AN OPINION POST
I’ve seen the term ‘Cancer Olympics’ many times on my social media travels, it’s been used in several contexts. For example, Dr Robin McGee uses it to describe her ordeal with late stage bowel cancer and judging by the cover of her book, the analogy is the hurdles she had to jump to get the right treatment (many of you will relate to that).
Another example I see is the race to claim a cancer is somehow ‘worse’ than other cancers, i.e. ‘my cancer is far worse than yours’. Ironically, although some cancers are almost certainly worse than others (for example in prognostic terms), it seems like a race to the bottom as patients fight for the ‘top’ spot. It works both ways as some people perceive they have had or are having a better cancer experience than others, and that can often lead to a sense of guilt, i.e. ‘your cancer is much worse than mine, I shouldn’t really complain too much’.
It can be normal to experience these emotions, and with such wide and varying cancer experiences, different personal circumstances, even (say) the worst stages and grades cannot always be used to justify the ‘gold medal’ position in this ironic version of cancer Olympics. Take my Neuroendocrine Cancer for example, I have the highest stage but an intermediate grade, so my sub type is not particularly aggressive in comparison with other cancers or even other sub-types of my own cancer. However, in many ways it’s a deceiving and silent disease and very often people are not diagnosed until a late stage where the disease becomes incurable. Prognostics for many sub-types are good but living with the disease has many consequences. This sounds like a bad deal and for some it can be. But don’t tell me I have a ‘good’ cancer. Neuroendocrine Cancer does have aggressive types with significantly different prognostic outcomes than the more common and less aggressive variants.
So let’s turn my personal cancer Olympics analogy round the other way. Let’s say you have a very aggressive cancer with terrible and frightening prognostic statistics.
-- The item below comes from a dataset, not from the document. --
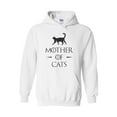 thumbnail image 1 of Women Sweatshirts and Hoodies - Mother Of Cats, 1 of 5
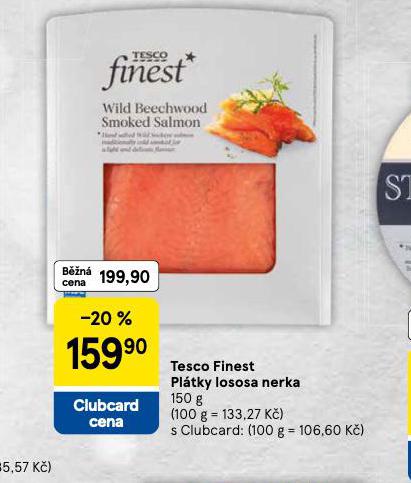 PL�TKY LOSOSA NERKA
I would certainly not criticise anyone or accuse them of deliberately playing a cancer Olympics ‘game’ for suggesting they wished they had another cancer in this scenario.
I want to focus an example on Pancreatic Cancer, an awful cancer with awful prognostic outcomes. Using UK statistics, less than 7% of patients survive 5 years, it has the worst survival rate of all 22 common cancers. The headline and key awareness and campaigning message is that these prognostics have not changed much in 40 years. There are similar statistics in many countries. Pancreatic Cancer organisations worldwide are therefore campaigning robustly for more resources and funding to tackle and improve these statistics through more research and clinical trials. They are also doing what they can with their own prevention and early diagnosis campaigns with limited funding. With this particular disease, given the survival statistics, awareness is vital and it can save lives, one of the reasons I regularly publish Pancreatic Cancer symptoms.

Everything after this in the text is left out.